If you’re looking for an, ahem, egg-stravaganza this Easter, head to Eltham Palace in Greenwich, where one of London’s best egg hunts will be taking place in the grounds of this Art Deco jewel (4-5 April). Another great activity for the holidays is Treetop Towers, Kew Gardens’ new outdoor play area for youngsters. Opening this month, it’s a jungle of ladders, giant swings, zip wires and scramble nets. And after all that exercise, why not head to chocolatier William Curley’s new shop for a masterclass? Learn about the origins of the world’s favourite bean and roll your own truffles.
The dark side
Prepare to see London in a different light. Photographer Stuart Redler, who is more used to working in far-flung places like Timbuktu, has focused his lens closer to home. His mesmerising black and white images of South Kensington, Regent Street and St Brides make the city’s iconic landmarks look surreal and positively exotic.
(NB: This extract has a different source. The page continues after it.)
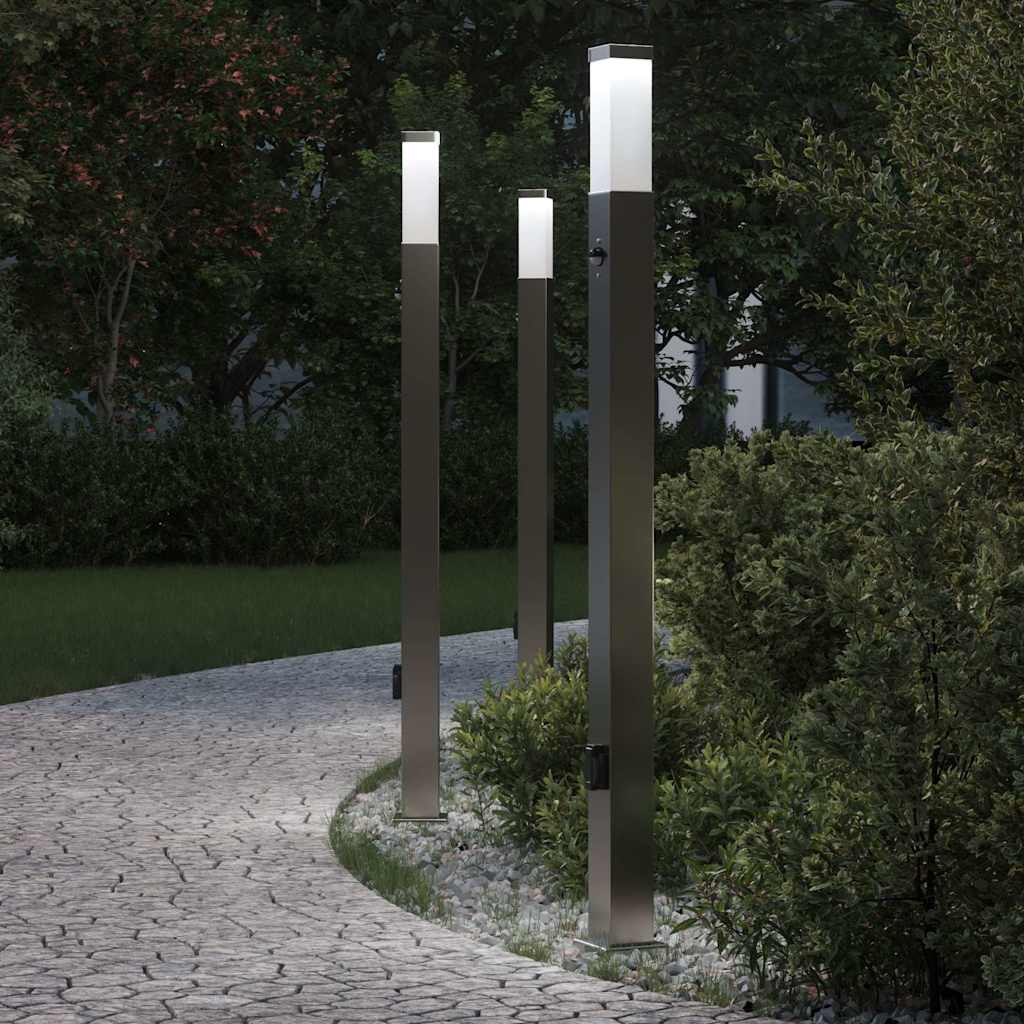 Conjunto de 3 postes de iluminação com sensor e tomada, 110 cm, em aço inoxidável, IP44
London at Night can be seen at Gotham during 1 April-8 May. stuartredler.com
See drama at its best as Toby Stephens stars in Sir Tom Stoppard’s award-winning modern classic The Real Thing at the Old Vic. Deeply moving, this razor-sharp play examines the complex nature of love, art and reality. Opens 21 April. oldvictheatre.com
A fine flutter
As the Natural History Museum gets set for its Butterfly Explorer exhibition, Geoff Martin, the lepidoptera (butterflies and moths) expert reveals his top spotting sites:
Tower Hamlets Cemetery was closed to burials in 1966 and has since become a magnificent urban wilderness. You’re likely to see the Green-veined White and, if you’re lucky, the glamorously named Painted Lady.
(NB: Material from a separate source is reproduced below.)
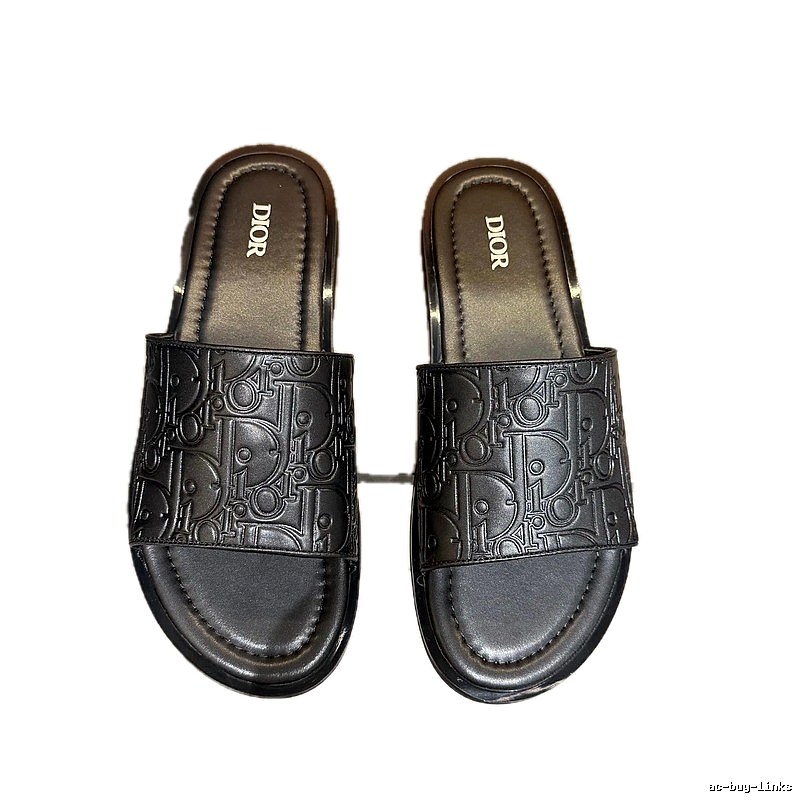 Dior Classic Monogram Light Luxury Style Black Slides
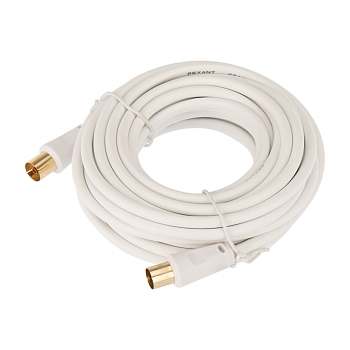 Шнур ТВ гнездо - ТВ штекер, 7м, белый REXANT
Hampstead Heath is rich in flora and fauna but to guarantee a sighting of the rarer species, pay a visit to the Butterfly House.
The Nunhead Cemetery is London’s most attractive Victorian graveyard and an ideal place to find the Speckled Wood. Wimbledon Common in southwest London is home to 24 species, including the elusive White-letter Hairstreak, which flits in the treetops appearing as a dark speck against the sky, and the stunning Purple Hairstreak.
Epping Forest is the largest public space in London, at 6,000 acres, and more than 20 species of butterfly thrive here including the Dingy Skipper.
The Natural History Museum wildlife garden, which opens this month, is a haven for butterflies. Look out for the pipistrelle bats that have made it their home.